После того как своей рукой Григорий зарубил четырех матросов-большевиков, он "...кинул на снег папаху, постоял, раскачиваясь, и вдруг скрипнул зубами, страшно застонал и с исказившимся лицом стал рвать на себе застежки шинели. Не успел сотенный и шага сделать к нему, когда Григории - как стоял, так и рухнул ничком, оголенной грудью на снег. Рыдая, сотрясаясь от рыданий, он, как собака, стал хватать ртом снег, уцелевший под плетнем. Потом, в какую-то минуту чудовищного просветления, попытался встать, но не смог и, повернувшись мокрым от слез, изуродованным болью лицом к столпившимся вокруг пего казакам, крикнул надорванным, дико прозвучавшим голосом:
- Кого же рубил!.. - И впервые в жизни забился в тягчайшем припадке, выкрикивая, выплевывая вместе с пеной, заклубившейся на губах: - Братцы, нет мне прощения!.. Зарубите, ради бога... в бога мать... Смерти... предайте!..

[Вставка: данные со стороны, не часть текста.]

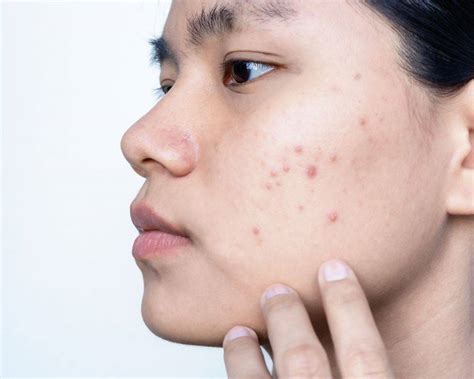 difference  teenage  adult acne skinmart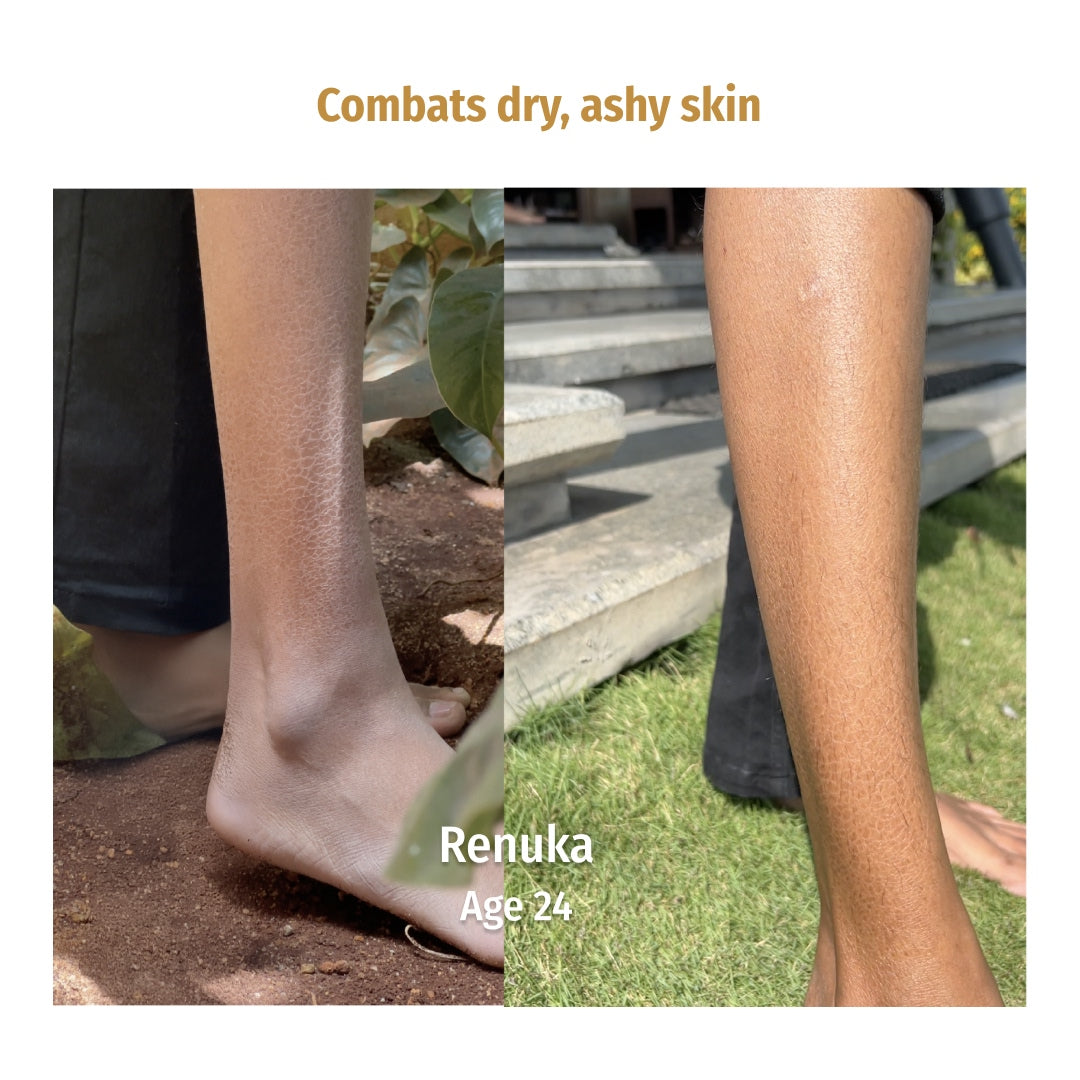 vilvah milk body lotion combats dry, ashy skin
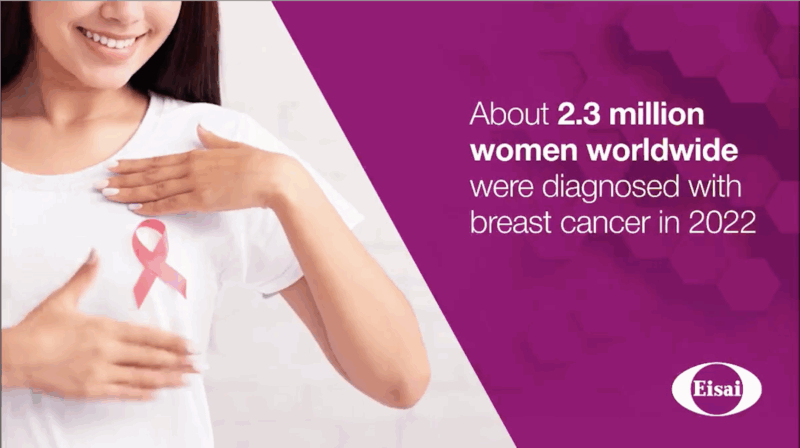 World Breast Cancer Research Day 2025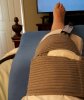 [Bonesmart.org] Lovetocookandsew’s long road to recovery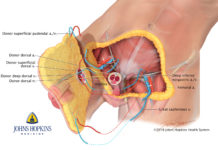 Johns Hopkins performs first total penis and scrotum transplant in the world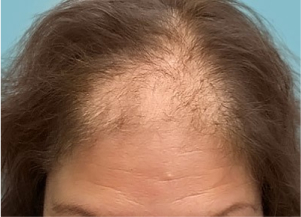 лечение потери волос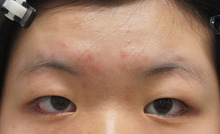とてもまぶたが厚くて脂肪除去が望ましい方の二重手術。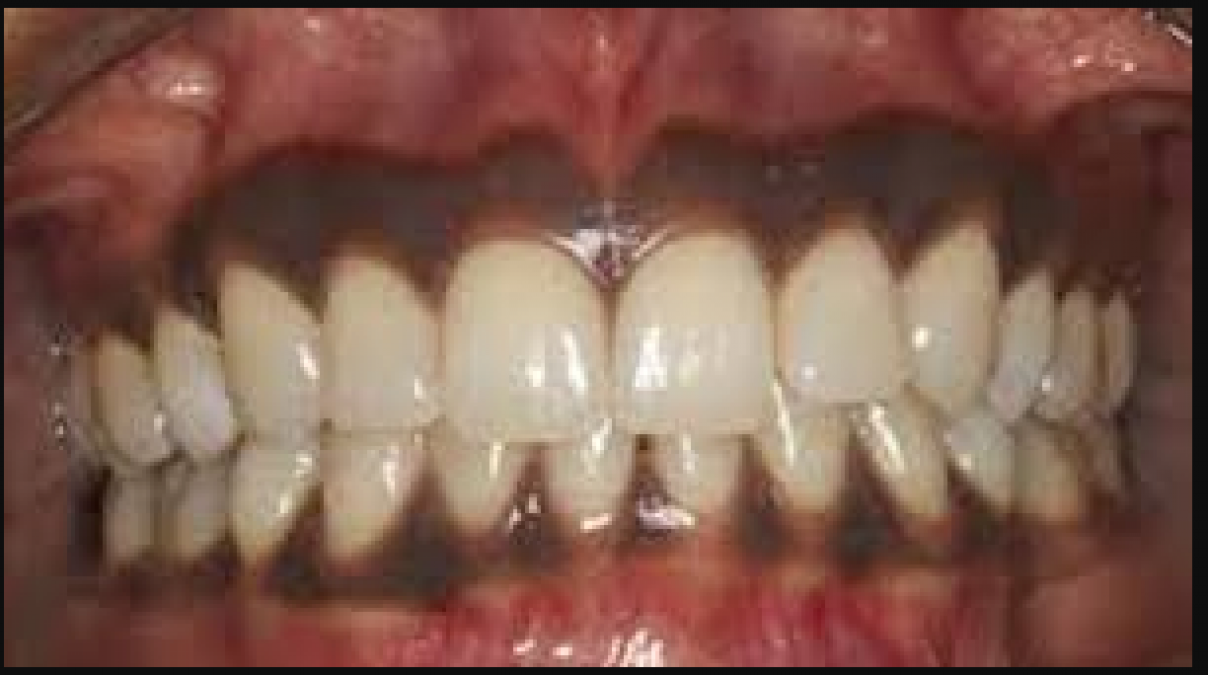 Blackness of the gums points towards these problems, know its treatment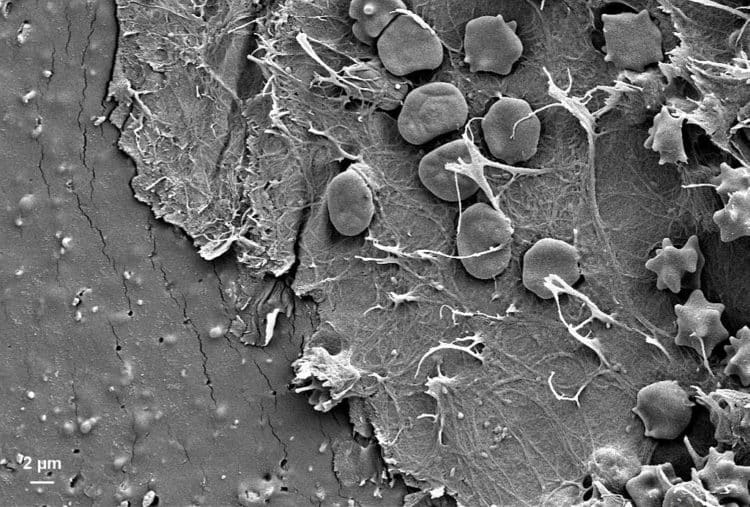 Réseau de fibrine observé au microscope.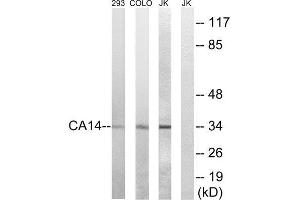 Western Blotting (WB) image for anti-Carbonic Anhydrase XIV (CA14) (Internal Region) antibody (ABIN1851004) (CA14 Antikörper  (Internal Region))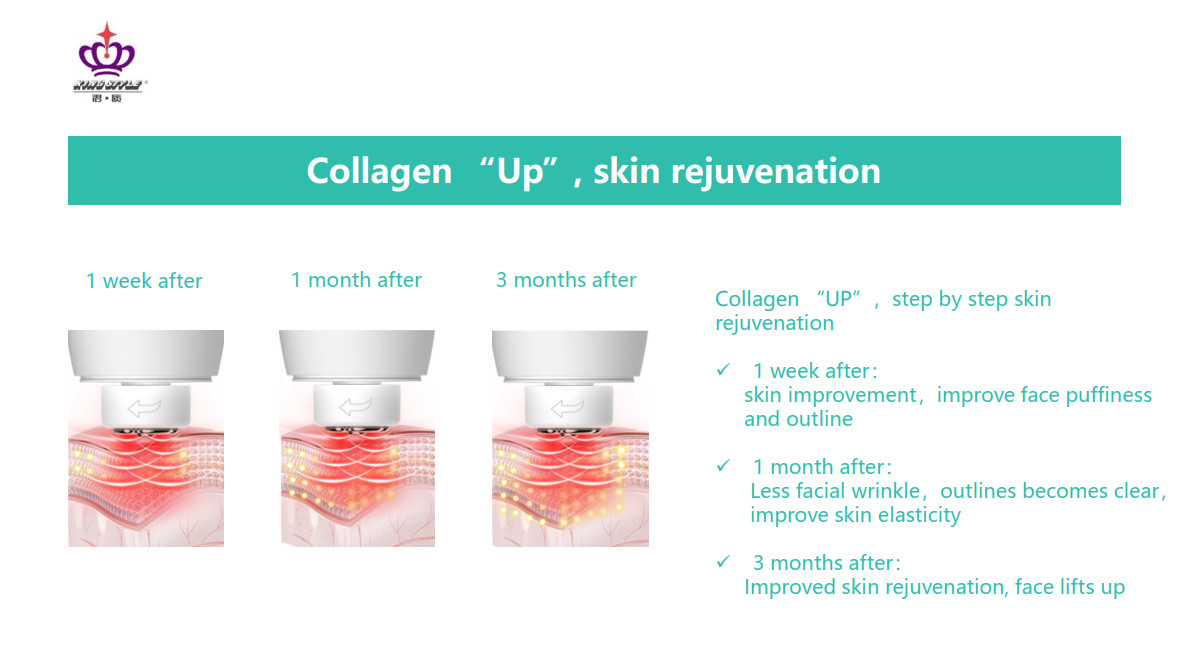 Skin Rejuvenation RF Beauty Instrument
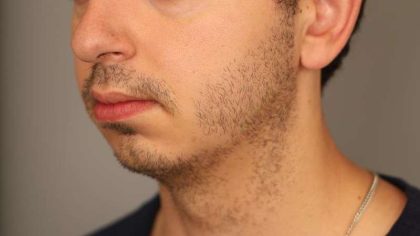 Chin Implant Before & After Patient #2203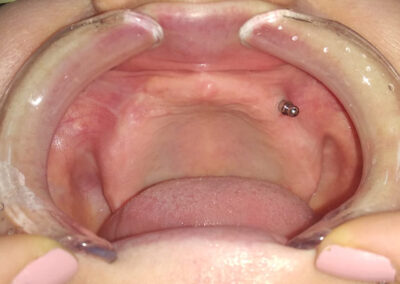 Potpuna bezubost pacijenta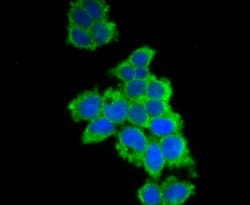 Invitrogen UAP1 Polyclonal Antibody:Antibodies:Primary Antibodies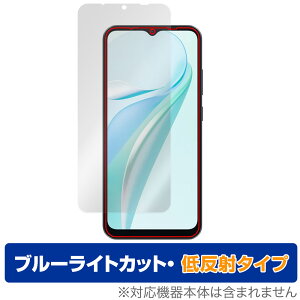 Blackview WAVE 6C �ی� �t�B���� OverLay Eye Protector �ᔽ�� for �u���b�N�r���[ �X�}�[�g�t�H�� �u���[���C�g�J�b�g ���˖h�~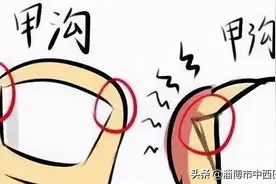 【中西合璧健康谈】注意这四点，远离甲沟炎图片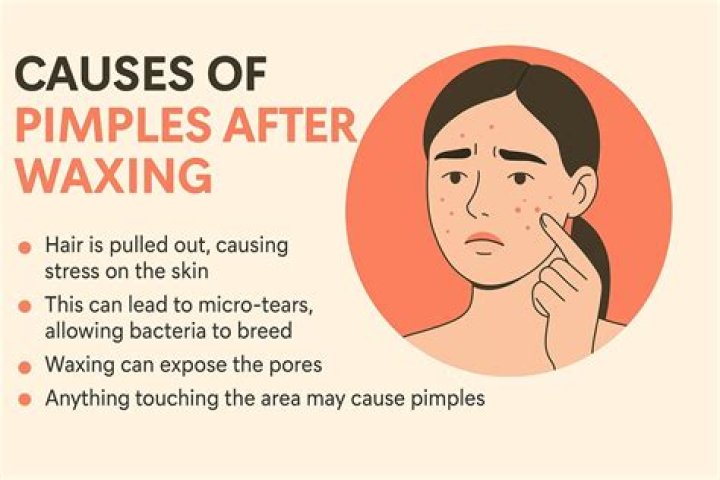 How do you treat chicken skin after waxing?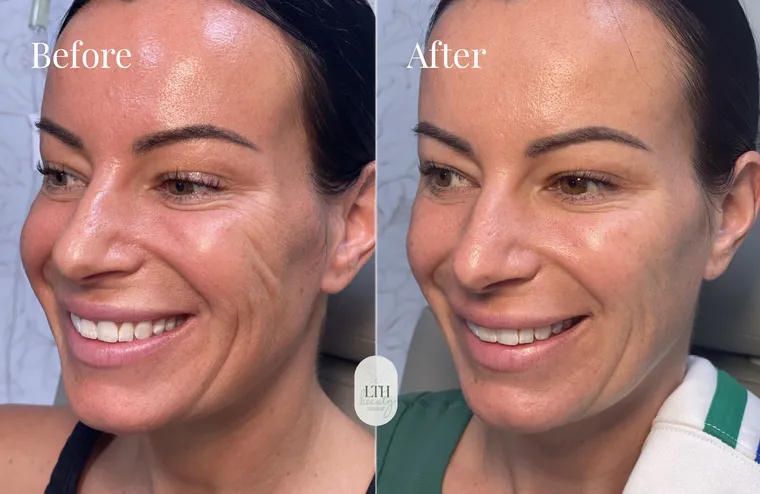 Before and after — dermal filler, full face (three-quarter view)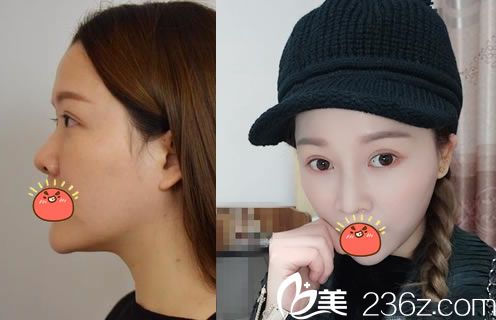 嘉興禾美整形醫(yī)院鼻綜合案例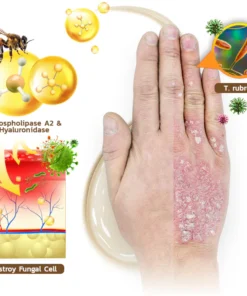 كريم سم النحل AQA™ PsoriX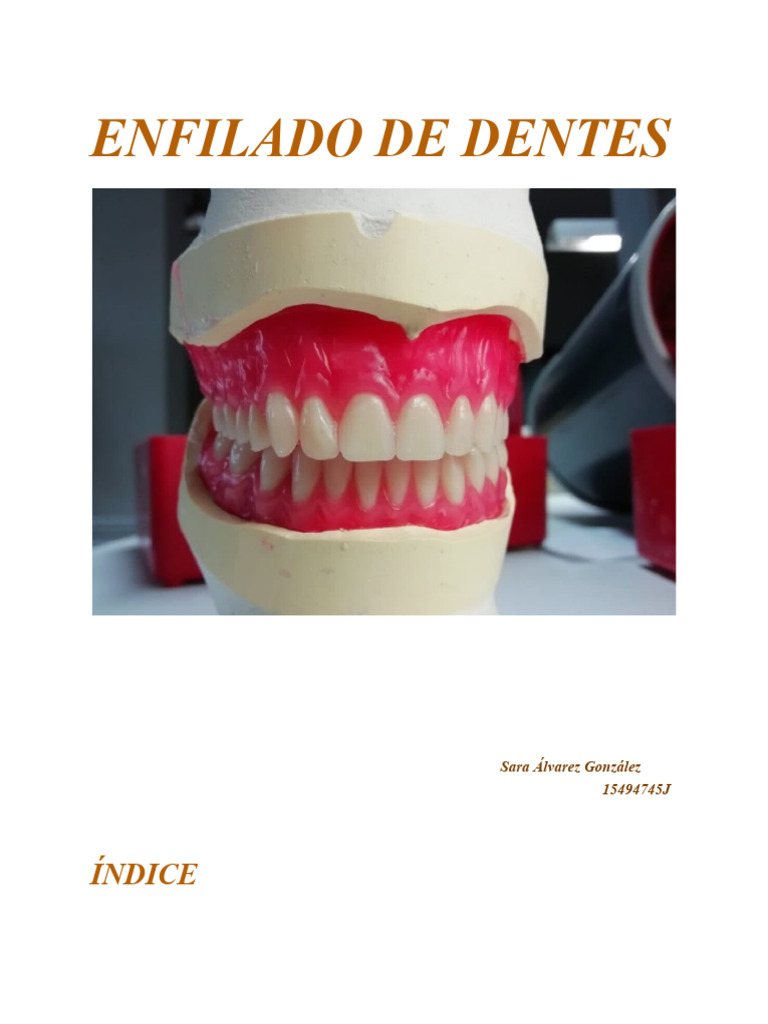 Enfilado de Dentes | PDF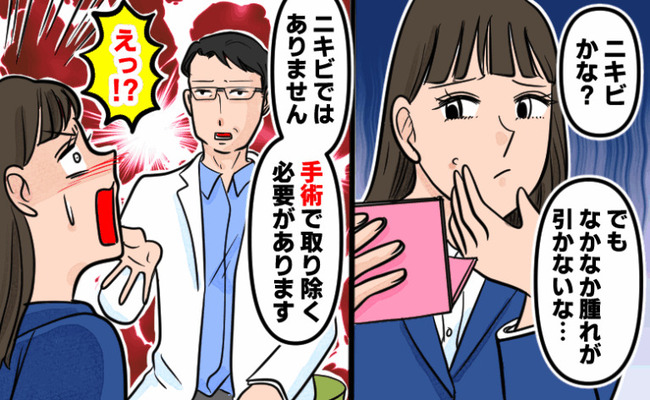 粉瘤　イメージカット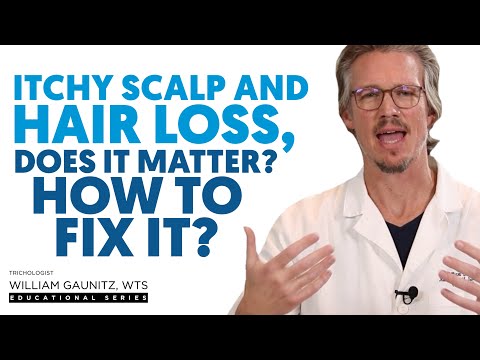 Does Dandruff Scalp Cause Hair Loss? Treatment For Dry Itchy Scalp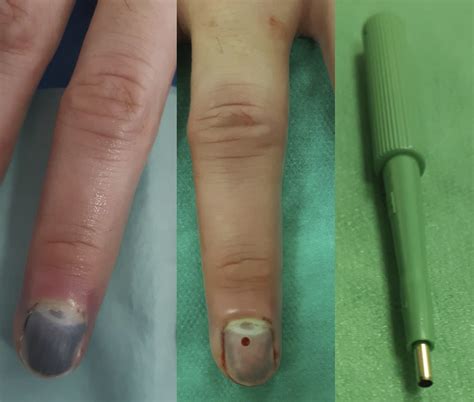 A Simple Painless Technique To Drain Subungual Hematoma Journal Of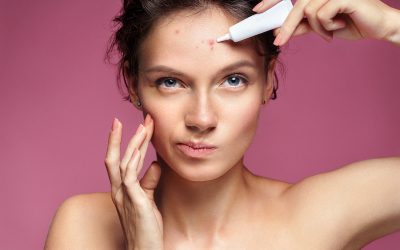 Guide to Popping Pimples the Right Way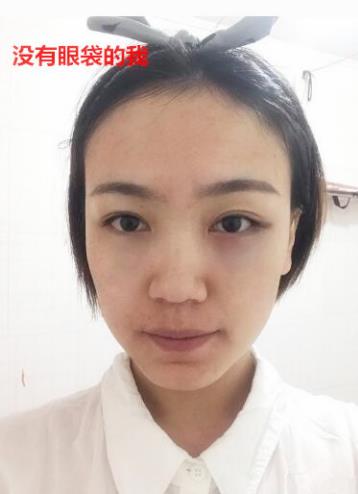 衛(wèi)婭日記：我一直都以為眼袋對(duì)我的影響只是美觀，直到我了解了以后……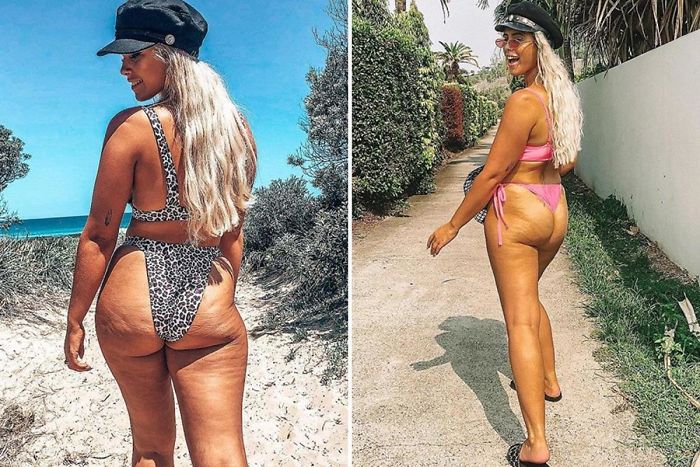 Instagram Model Posting Unedited Pictures Of Herself To Show Body Shaming Is Not Ok.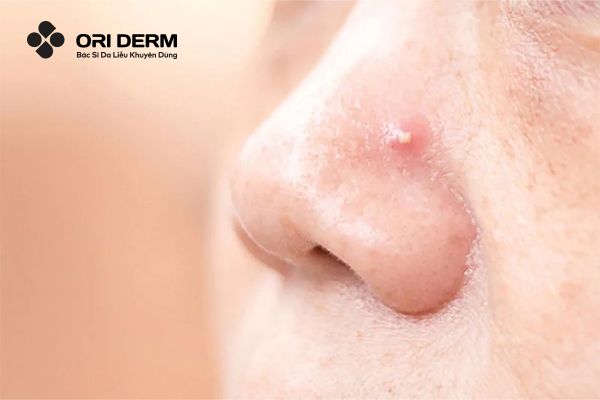 Cồi mụn là gì? Nguyên nhân hình thành cồi mụn?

Сотенный подбежал к Григорию, со взводным навалились на него, оборвали на нем ремень шашки и полевую сумку, зажали рот, придавили ноги. Но он долго еще выгибался под ними дугой, рыл судорожно выпрямлявшимися ногами зернистый снег и, стоная, бился головой о взрытую копытами, тучную, сияющую черноземом землю, на которой родился и жил, полной мерой взяв из жизни - богатой горестями и бедной радостями - все, что было ему уготовано".
Как же дорого даются Григорию эти короткие минуты "чудовищного просветления", по выражению Федора Крюкова! Так же дорого давались минуты просветления Родиону Раскольникову Федора Достоевского. Два гениальных Федора решают одну и ту же проблему, если Бога нет, то все дозволено?